When I was chair of our school’s governing body, one of my tasks was to phone those we had just interviewed to tell them they had not got the job. I always felt a heel, but I tried to give it to them straight. There was no point pretending it was not disappointing, or trying to sugar-coat what they were feeling.
As I regularly remind my daughters, life is tough.
But the good news is this: God uses rejects.
The Bible is full of them.
Moses was a fugitive with a stammer. David was the youngest son, left out in the fields when Samuel came looking for a king. Gideon saw himself as the weakest member of the weakest clan. Jeremiah thought he was too young. Peter denied Jesus three times. Paul had once persecuted the church.
And yet God used them.
Again and again, God seems to pass over the obvious candidates and call the unlikely ones. You get the feeling that he positively enjoys using those who have failed, those who have been left behind on the bench.
He takes people who feel disqualified and gives them a purpose. He takes failure and turns it into service. He takes shame and transforms it into testimony.
I recall inviting Shane Taylor to speak at one of our Alpha launch meetings. He was a lovely guy: gentle, open, and very honest. It was hard to believe that he had once been described as one of the UK’s most dangerous prisoners. He is a living example of how God likes a challenge. God chooses the rejected.
That does not mean rejection does not hurt. It does. The Christian faith is not a plaster over pain. Jesus himself knew rejection. “He came to his own, and his own did not receive him,” reflects the beloved disciple. He was despised, mocked, abandoned, and crucified outside the city wall.
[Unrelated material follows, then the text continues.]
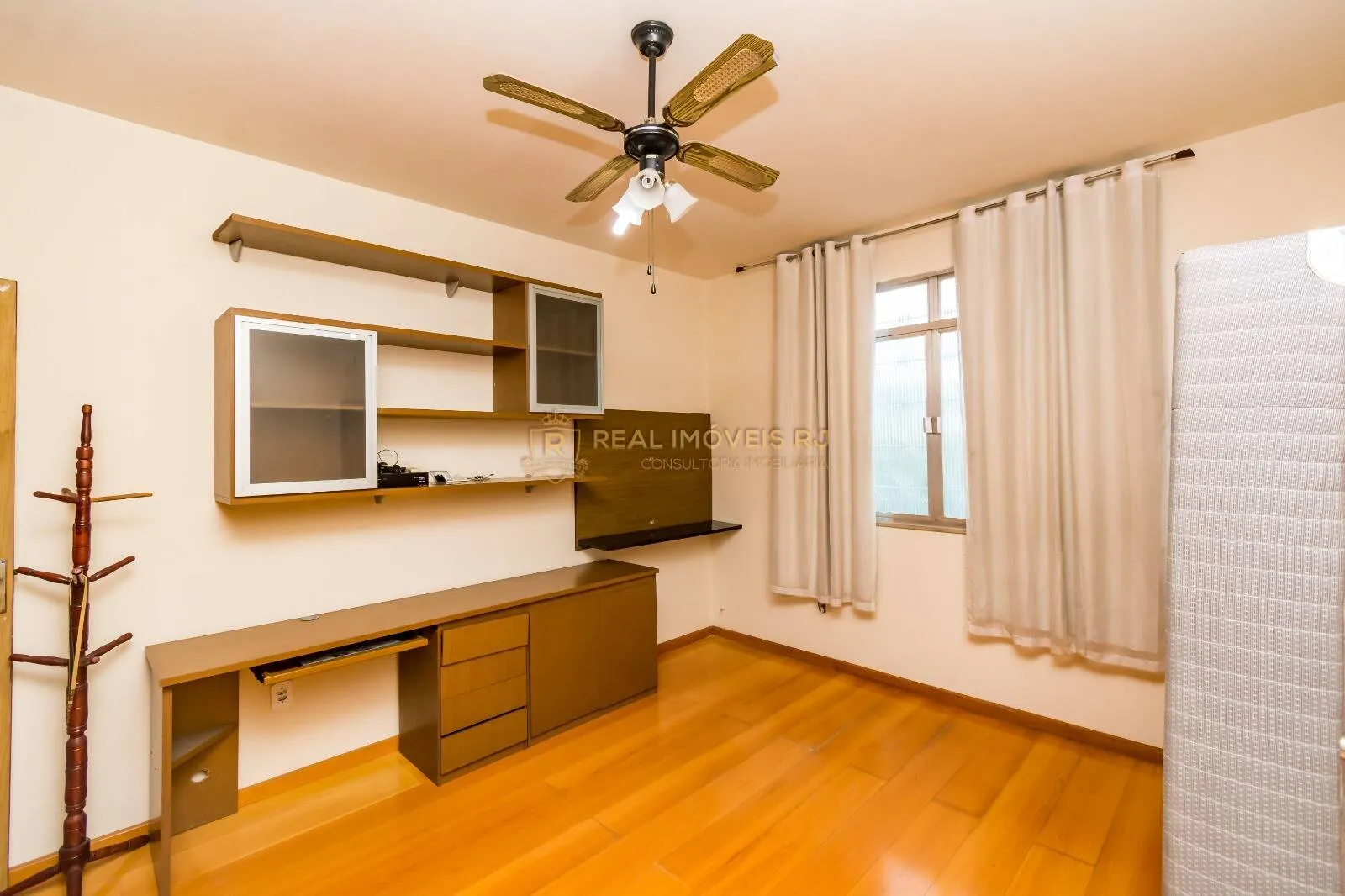 Unfurnished house with 3 bedrooms and 5 bathrooms — photo 29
At the cross, Jesus stood in the place of the rejected. Abandoned, mocked, condemned and crucified, he was written off by the world. Yet, as Tim Keller put it, “we are more loved and accepted in Jesus Christ than we ever dared hope.”
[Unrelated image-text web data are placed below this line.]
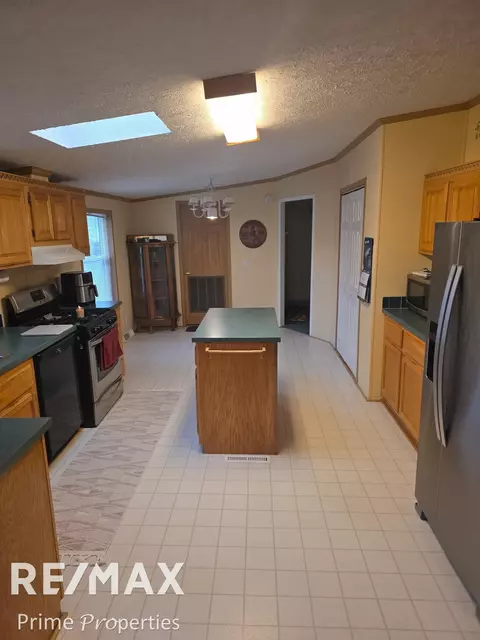 Kitchen - 134 Apollo, Flushing, MI 48433 photo 2 of 4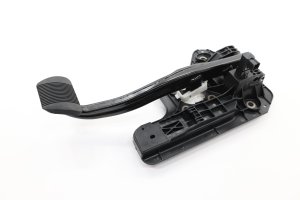 2020-2026 Chrysler Voyager Brake Pedal Assembly with Sensor and Bracket (Used OEM)
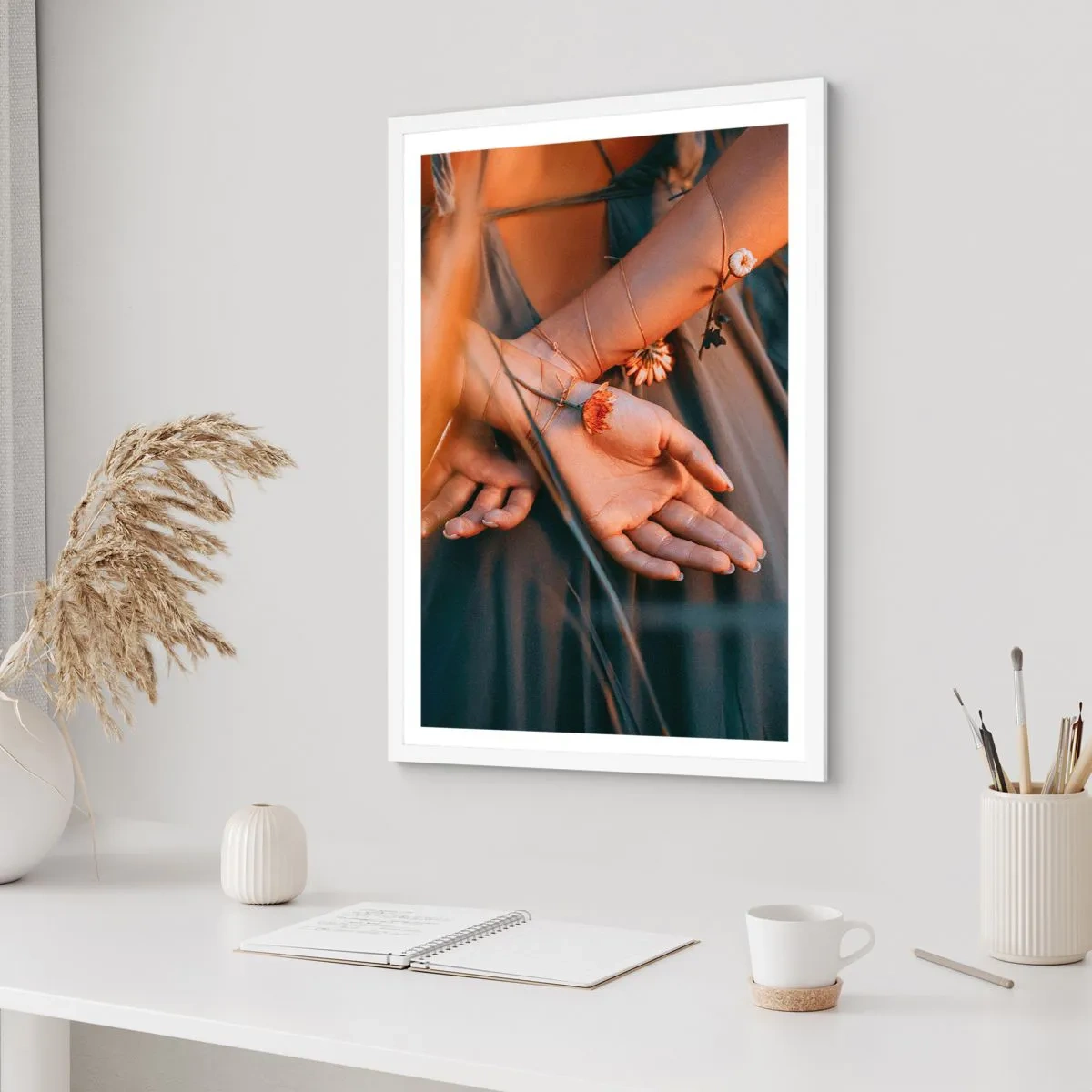 Poster in einem weißen Rahmen - Verbunden mit der Natur - 61x91 cm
The rejected Christ becomes the place where rejected people discover they are accepted by God.
That is the heart of the gospel. Human rejection is not the final verdict. The world may say, “Not good enough.” God may say, “You are mine.” The world may close a door. God may open a calling. The world may write someone off. God may only be beginning.
And there again, you never know. I don’t know what the future holds for Harry, but I do know this: being rejected from one position may sometimes make us available for the very place to which God is calling us.
I well remember way back in 1979 opening a letter from a public school informing me that I had not been appointed as their school chaplain — even though the headmaster had assured me I was the strongest candidate.
Looking back, I suspect my bishop may have put a spoke in the wheel. But with hindsight, it was clearly the right outcome.
Not that it felt like that at the time.
There are disappointments that feel final but are not. There are closed doors that redirect us. There are failures that humble us and prepare us. There are rejections that strip away our pride and make us more useful in the hands of God.
Harry Maguire may be gutted. Anyone would be. But being left out of a squad is not the end of a life, a career, or a calling.
And the same is true for us.
You may feel overlooked. You may feel past your best. You may feel that others have moved on without you. But God has a long history of using people others have rejected. In fact, he built his church on a rejected cornerstone: “The stone the builders rejected has become the cornerstone.” This quote from Psalm 118 appears in the New Testament no less than five times.
That is not just a verse about Jesus. It is a reminder of the strange, surprising way God works.
He uses the overlooked.He restores the fallen.He calls the unlikely.He gives purpose to the gutted.
And in his hands, even rejection can become resurrection.